Prompt: Each line of the data below goes into the copy exactly; pictures do not.
-------- Recorded data --------
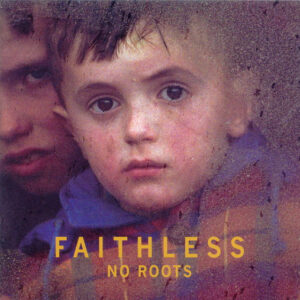 Faithless - No Roots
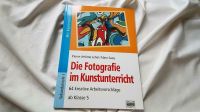 Die Fotografie im Kunstunterricht Kunst Jehel/ Saey Aachen - Aachen-Mitte Vorschau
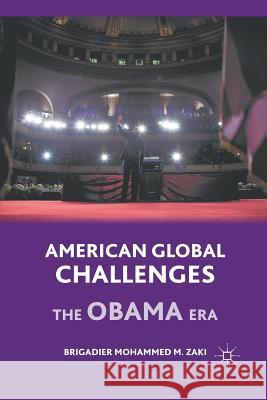 American Global Challenges: The Obama Era Zaki, M. 9781349295500 Palgrave MacMillan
--------
Written reply:
 Faithless - No Roots
 Die Fotografie im Kunstunterricht Kunst Jehel/ Saey Aachen - Aachen-Mitte Vorschau
 American Global Challenges: The Obama Era Zaki, M. 9781349295500 Palgrave MacMillan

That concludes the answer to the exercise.